Data for this exercise START

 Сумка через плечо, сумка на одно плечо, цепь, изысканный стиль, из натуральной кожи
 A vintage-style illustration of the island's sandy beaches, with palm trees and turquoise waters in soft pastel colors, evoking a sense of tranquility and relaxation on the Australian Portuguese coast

Data for this exercise END
Data for this exercise START

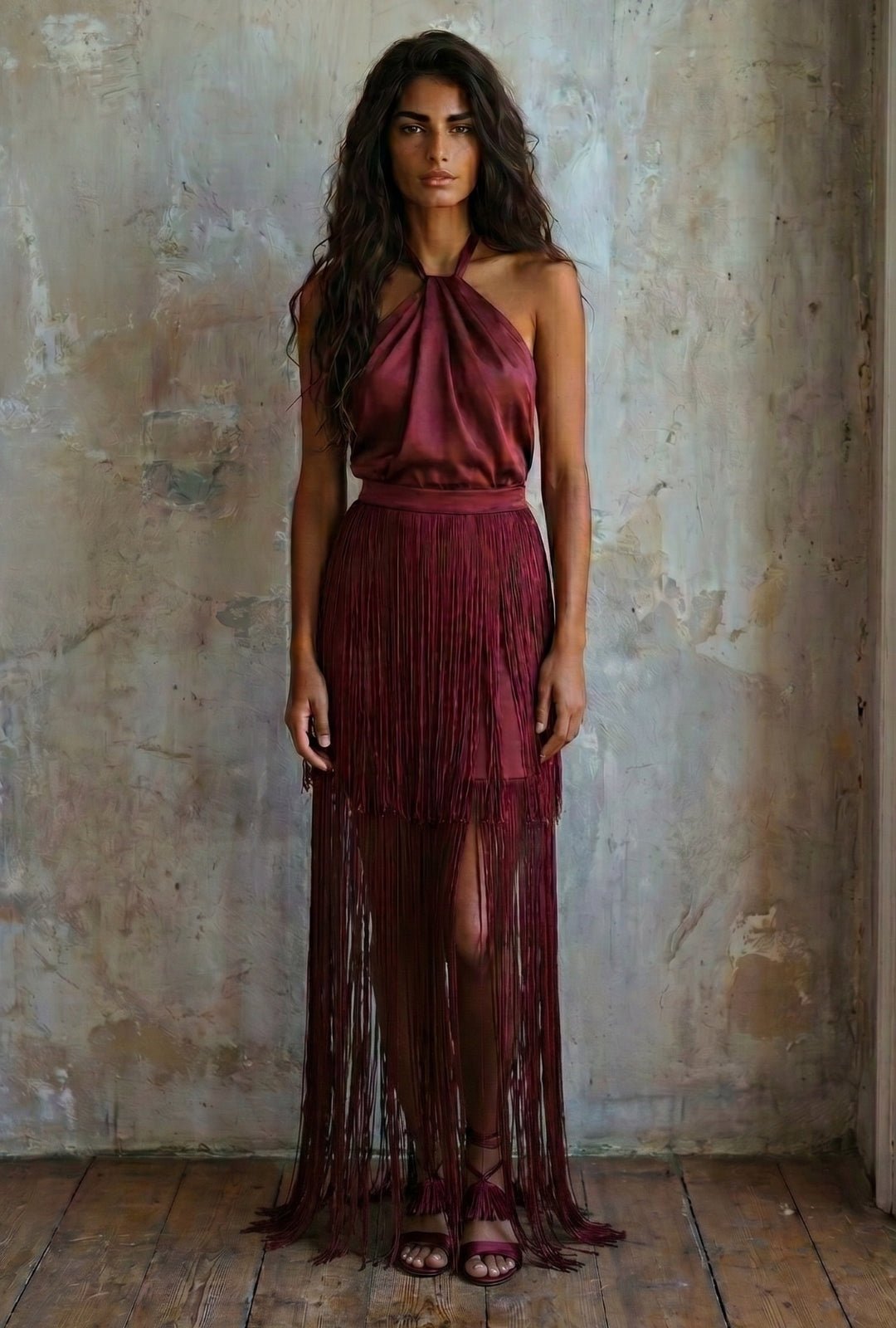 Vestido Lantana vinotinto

Data for this exercise END

> [Required action] For the lines above, output exactly those from the line containing "Сумка через плечо, сумка" through the line containing "A vintage-style illustration", and skip the others.

> [Solution]
 Сумка через плечо, сумка на одно плечо, цепь, изысканный стиль, из натуральной кожи
 A vintage-style illustration of the island's sandy beaches, with palm trees and turquoise waters in soft pastel colors, evoking a sense of tranquility and relaxation on the Australian Portuguese coast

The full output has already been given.